++++ Extracted data

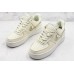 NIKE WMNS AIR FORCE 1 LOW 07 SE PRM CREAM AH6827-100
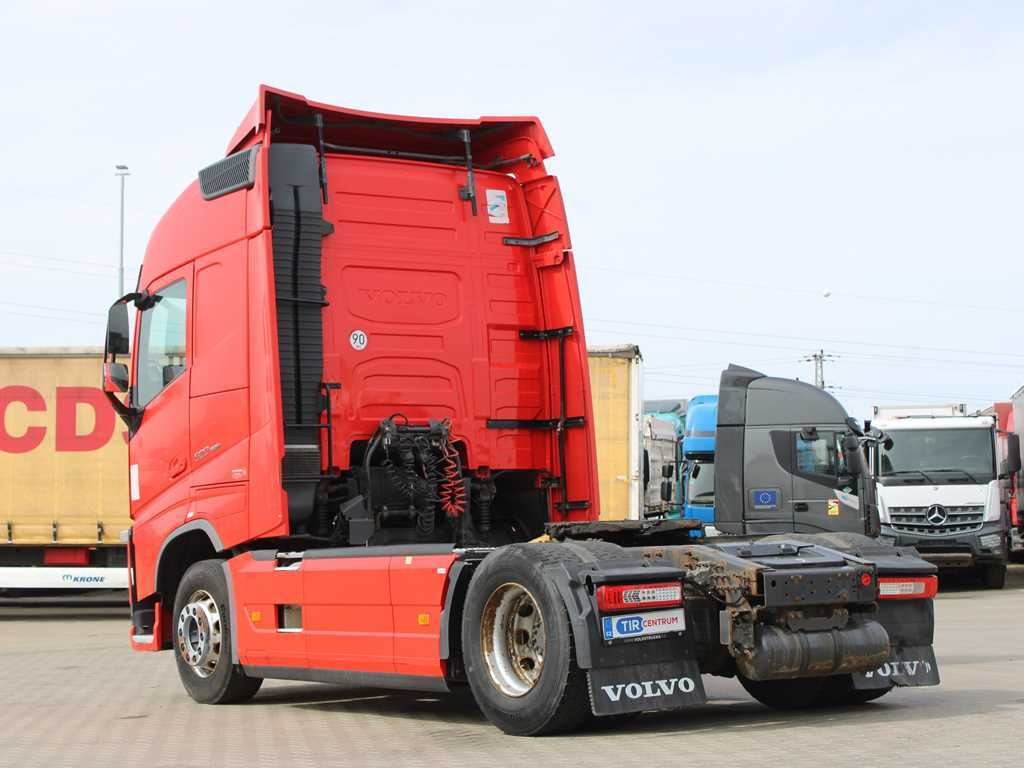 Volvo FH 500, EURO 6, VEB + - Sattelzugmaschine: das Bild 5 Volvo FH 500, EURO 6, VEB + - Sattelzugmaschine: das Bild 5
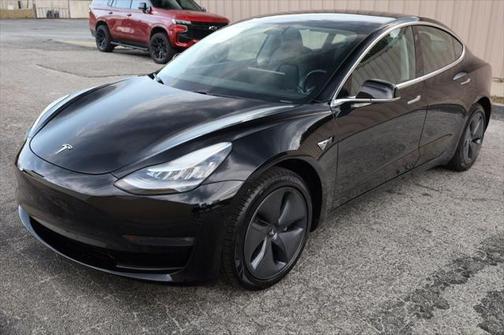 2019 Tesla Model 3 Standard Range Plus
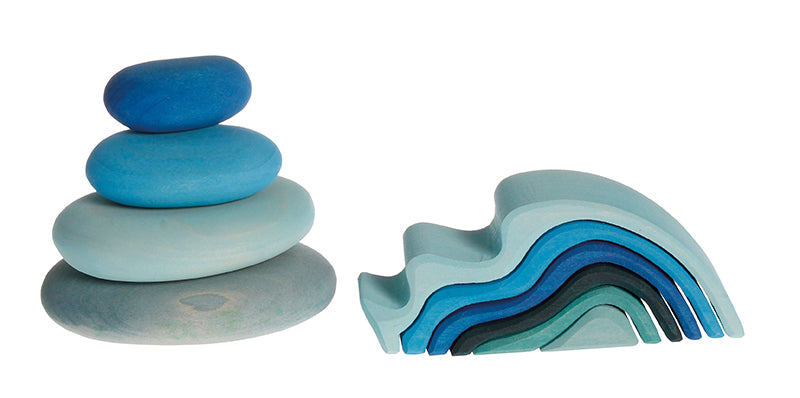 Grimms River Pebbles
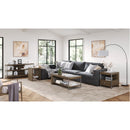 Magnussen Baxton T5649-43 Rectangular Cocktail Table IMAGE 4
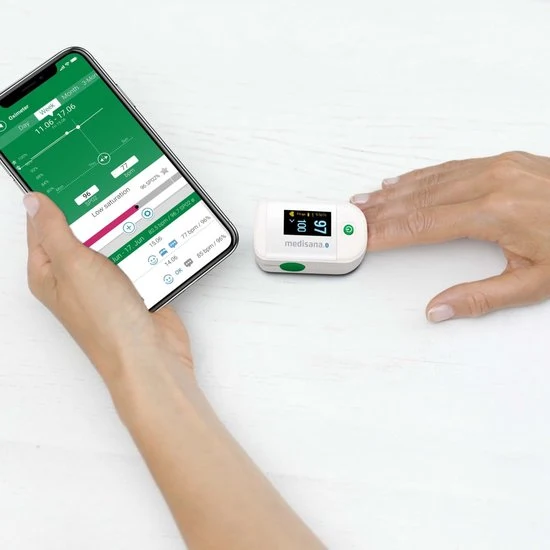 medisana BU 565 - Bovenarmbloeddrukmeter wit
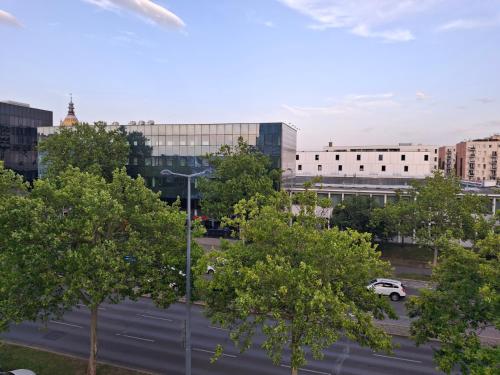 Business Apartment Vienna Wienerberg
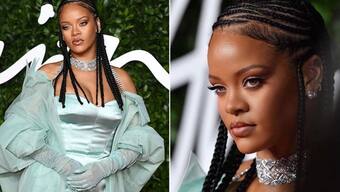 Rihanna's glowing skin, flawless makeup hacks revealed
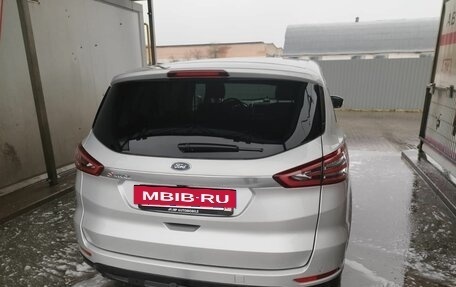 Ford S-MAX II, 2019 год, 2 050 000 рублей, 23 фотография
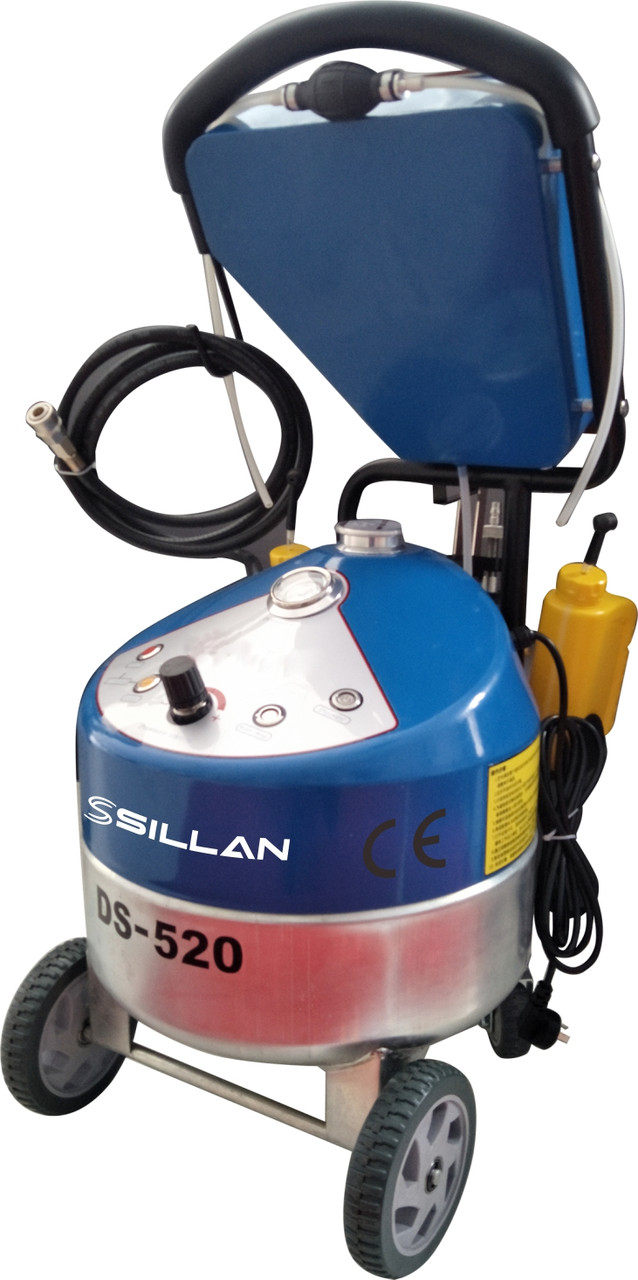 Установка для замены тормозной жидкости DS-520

++++++++
++++ Extracted data

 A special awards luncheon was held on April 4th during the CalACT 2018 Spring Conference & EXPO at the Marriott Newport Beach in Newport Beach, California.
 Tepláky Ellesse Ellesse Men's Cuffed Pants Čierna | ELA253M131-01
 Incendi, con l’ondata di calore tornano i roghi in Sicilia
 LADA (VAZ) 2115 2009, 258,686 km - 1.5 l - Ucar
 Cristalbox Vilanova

++++++++
++++ Extracted data

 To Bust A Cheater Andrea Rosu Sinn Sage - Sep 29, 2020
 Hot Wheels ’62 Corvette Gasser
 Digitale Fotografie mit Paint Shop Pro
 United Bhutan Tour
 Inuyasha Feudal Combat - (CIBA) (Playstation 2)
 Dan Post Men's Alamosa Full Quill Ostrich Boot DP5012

++++++++

**Task instructions:** Starting with the line that has "Bild 5 Volvo" and going on through the line that has "Ford S-MAX II, 2019", transcribe the records above exactly, but skip the pictures.

**Solution to the exercise:**
 Volvo FH 500, EURO 6, VEB + - Sattelzugmaschine: das Bild 5 Volvo FH 500, EURO 6, VEB + - Sattelzugmaschine: das Bild 5
 2019 Tesla Model 3 Standard Range Plus
 Grimms River Pebbles
 Magnussen Baxton T5649-43 Rectangular Cocktail Table IMAGE 4
 medisana BU 565 - Bovenarmbloeddrukmeter wit
 Business Apartment Vienna Wienerberg
 Rihanna's glowing skin, flawless makeup hacks revealed
 Ford S-MAX II, 2019 год, 2 050 000 рублей, 23 фотография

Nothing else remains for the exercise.